Using parallelism in pomegranate is as simple as specifying the n_jobs parameter in any of the methods– both fitting and prediction methods!

For example:

import pomegranate, numpy

X = numpy.random.randn(1000, 1)

# No parallelism
model = GeneralMixtureModel.from_samples(NormalDistribution, 3, X)

# Some parallelism
model = GeneralMixtureModel.from_samples(NormalDistribution, 3, X, n_jobs=2)

# Maximum parallelism
model = GeneralMixtureModel.from_samples(NormalDistribution, 3, X, n_jobs=-1)

If you instead have a fit model and you’re just looking to speed up prediction time, you need only pass the n_jobs parameter in to those methods as well.

model = <fit model>
X = numpy.random.randn(1000, 1)

# No parallelism
y = model.predict_proba(X)

# Some parallelism
y = model.predict_proba(X, n_jobs=2)

# Maximum parallelism
y = model.predict_proba(X, n_jobs=-1)

FAQ¶

What models support parallelism?

All models should support parallel fitting. All models (except for HMMs) support parallel predictions natively through the n_jobs parameter. Basic distributions do not support parallelism as they typically take a neglible amount of time to do anything with.

How can I parallelize something that doesn’t have built-in parallelism?

You can easily write a parallelized prediction wrapper for any model using multiprocessing. It would likely look like the following:

from joblib import Parallel, delayed
from pomegranate import BayesianNetwork

def parallel_predict(name, X):
        """Load up a pomegranate model and predict a subset of X"""

        model = BayesianNetwork.from_json(name)
        return model.predict(X)

X_train, X_test = numpy.load("train.data"), numpy.load("test.data")

model = BayesianNetwork.from_samples(X_train)
with open("model.json", "w") as outfile:
        outfile.write(model.to_json())

n = len(X_test)
starts, ends = [i*n/4 for i in range(4)], [(i+1)*n/4 for i in range(4)]

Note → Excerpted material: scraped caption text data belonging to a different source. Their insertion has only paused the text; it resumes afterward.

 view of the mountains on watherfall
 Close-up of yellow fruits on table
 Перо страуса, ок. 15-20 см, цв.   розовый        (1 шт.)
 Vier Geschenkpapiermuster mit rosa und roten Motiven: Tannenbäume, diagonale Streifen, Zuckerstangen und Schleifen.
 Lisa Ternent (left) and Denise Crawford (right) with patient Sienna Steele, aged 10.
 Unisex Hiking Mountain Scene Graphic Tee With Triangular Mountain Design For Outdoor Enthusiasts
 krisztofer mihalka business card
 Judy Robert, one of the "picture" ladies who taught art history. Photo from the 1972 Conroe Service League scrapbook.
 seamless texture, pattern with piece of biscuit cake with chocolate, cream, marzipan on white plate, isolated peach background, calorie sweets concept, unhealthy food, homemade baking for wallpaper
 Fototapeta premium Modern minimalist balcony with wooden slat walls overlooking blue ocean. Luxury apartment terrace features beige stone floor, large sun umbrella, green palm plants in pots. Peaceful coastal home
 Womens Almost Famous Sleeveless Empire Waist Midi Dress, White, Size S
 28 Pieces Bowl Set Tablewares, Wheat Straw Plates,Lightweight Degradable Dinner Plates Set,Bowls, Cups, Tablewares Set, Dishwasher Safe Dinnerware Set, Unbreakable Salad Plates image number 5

y_pred = Parallel(n_jobs=4)( delayed(parallel_predict)(
        X_test[start:end]) for start, end in zip(starts, ends))

What is the difference between multiprocessing and multithreading?

Multiprocessing involves creating a whole new Python process and passing the relevant data over to it. Multithreading involves creating multiple threads within the same Python process that all have access to the same memory. Multithreading is frequently more efficient because it doesn’t involve copying potentially large amounts of data between different Python processes.

Why don’t all modules use multithreading?

Python has the Global Interpreter Lock (GIL) enabled which prevents more than one thread to execute per processes. The work-around is multiprocessing, which simply creates multiple processes that each have one thread working. When one uses Cython, they can disable to GIL when using only C-level primitives. Since most of the compute-intensive tasks involve only C-level primitives, multithreading is a natural choice for pomegranate. In situations where the size of the data is small and the cost of transferring it from one process to another is negligible, then multithreading can simply make things more complicated.